Army: Dams, reservoirs kept flood damage from being much worse
According to an Army Corps of Engineers hydraulic engineer, the storm water collected in the Conemaugh Lake Dam in the past few days would have been enough to cover the entire City of Pittsburgh in five feet of water.
Instead, the Corps’ recent operations at Conemaugh and the Loyalhanna Lake dams, east of Pittsburgh, cut down the crest of the Kiskiminetas River by 17 feet, preventing what would have been the second highest flood on record.
Without the reservoirs, the Kiski’s crest would have risen five feet over flood stage to 30 feet instead of cresting at 13 feet, corps officials said.
At that level, the Vandergrift area would have realized its largest flood event since 1936, before the region’s system of federal flood risk management reservoirs were built.
“Conemaugh saw the most dramatic spike, rising more than 65 feet in three days,” said Charles Kottler, hydraulic engineer for the Pittsburgh District.
The operation of the district’s 16 dams in the headwaters of the Upper Ohio River Basin also reduced the flood risk along other waterways as remnants of Tropical Storm Gordon dropped nearly five inches of rain in some areas over the weekend.
“Our water management team and dam operators continue to work around the clock to manage our reservoirs,” said Col.
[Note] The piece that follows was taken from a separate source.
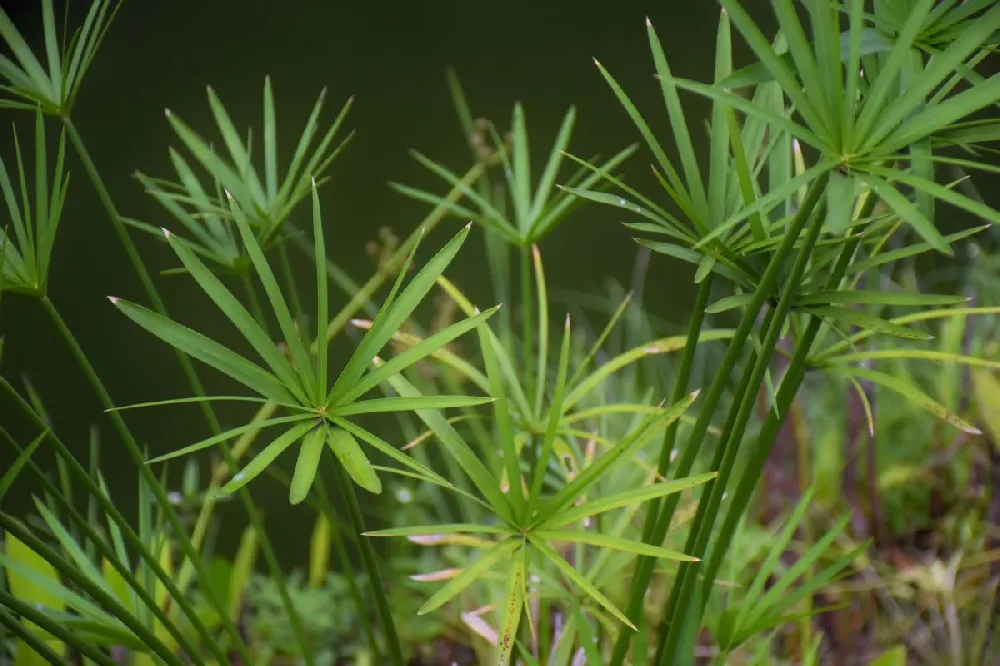 Papyrus Plant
Andrew Short, commander for the Pittsburgh District. “These storms can change course quickly or intensify unexpectedly so we’ll continue to monitor and adjust as the forecast develops and the potential for additional rainfall exists.”
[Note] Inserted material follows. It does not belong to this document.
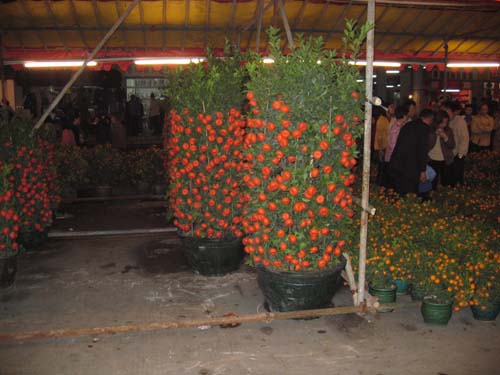 2005262144096051.jpg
The district’s Youghiogheny Dam reduced the severity of flooding along the Youghiogheny River — which reached 16.3 feet — sparing communities such as Connellsville and Suterville an additional two feet of flood water.
Reservoir operations of Berlin Lake, Mahoning River and Michael J. Kirwan Dam and Reservoir cut the crest by seven feet at Leavittsburg along the Mahoning River in eastern Ohio.
Currently, the district is releasing water to create flood storage space in the dams to capture potential runoff from incoming storms. Corps officials cautioned residents that rivers will remain artificially elevated and fast as the district discharges from its dams.